Now let's try to **maximize** this measure and see if we get images that appropriately match our goal. 

In [None]:
def calc_brilliance(image):
    ## Get the pixels all on to a single array
    pixels = np.array(image.pixel_array).ravel()
    non_zero_pixels = np.array(image.pixel_array).ravel()[np.nonzero(np.array(image.pixel_array).ravel())]
    print(image.InstanceNumber)
    print(non_zero_pixels)
    if len(non_zero_pixels) == 0:
        return 0
    elif len(non_zero_pixels) < (0.1 * len(pixels)):
        return 0
    ### Run basic statistics to normalize the pixel data (makes data presentable)
    mean = np.mean(non_zero_pixels)
    std = np.std(non_zero_pixels)
    ### Normalize the pixels
    norm_non_zero_pixels = (non_zero_pixels - mean)/std
#     mean = np.mean(norm_non_zero_pixels)
#     std = np.std(norm_non_zero_pixels)
    return np.count_nonzero(image.pixel_array > find_normal_level(mean,std))

def top_brilliant_image(images):
    brilliancelist = [calc_brilliance(image) for image in images]
    pd.set_option("display.max_rows", None)
    print(pd.DataFrame(brilliancelist))
    print(np.argsort(brilliancelist)[::-1][:10])
    top_image = np.argsort(brilliancelist)[::-1][:10]
    return top_image

sample_files = []

for root, dirs, files in os.walk(os.path.abspath("../input/rsna-miccai-brain-tumor-radiogenomic-classification/train/00049/FLAIR")):
    for file in files:
        sample_files.append(os.path.join(root, file))

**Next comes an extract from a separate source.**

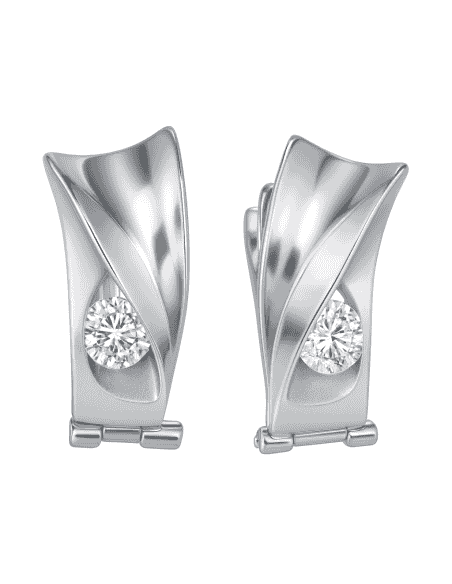 Pendientes para Mujer Oro Blanco con Diseño Curvado y Circonita Central - Oro Blanco 18K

top_brilliant_ids = top_brilliant_image([pydicom.read_file(img) for img in sample_files])

for top_brilliant_id in top_brilliant_ids:
    path_to_top_brilliant_image = os.path.join("../input/rsna-miccai-brain-tumor-radiogenomic-classification/train/00049/FLAIR", "Image-" + str(top_brilliant_id) + ".dcm")
    plot_image_histogram_level(pydicom.read_file(path_to_top_brilliant_image))

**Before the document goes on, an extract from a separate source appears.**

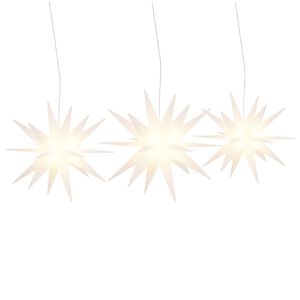 vidaXL LED-Weihnachtssterne 3 Stk. Faltbar Wei&szlig;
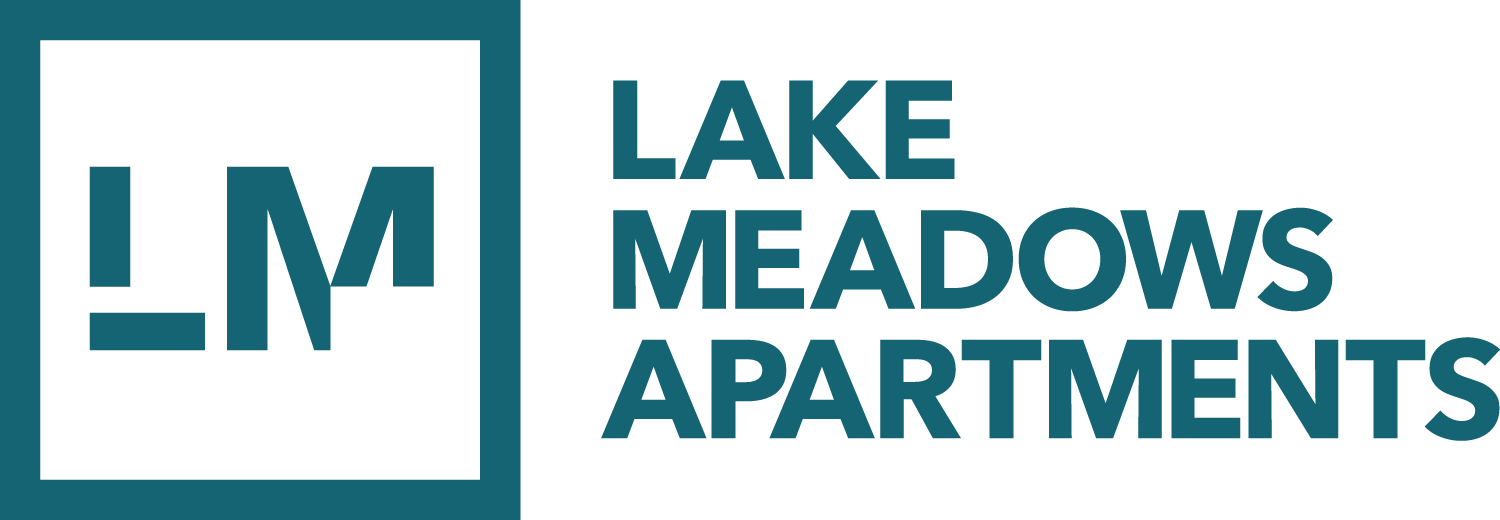 Lake Meadows Apartments logo with a blue background.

Clearly this needs more refining, but the principal more or less holds. In the top 2 of images with the highest cumulitave normalized luminosity above 2 standard deviations of said luminosity, we were able to find images with tumors over 50% of the time. When considering that there is 296 images in this folder alone. This is a great start for cleaning the data for our future model. A future refined version of this heuristic model may help cull the amount of images we have to model. We can simply take out images of less or no importance, which will help make the model more efficient and effective.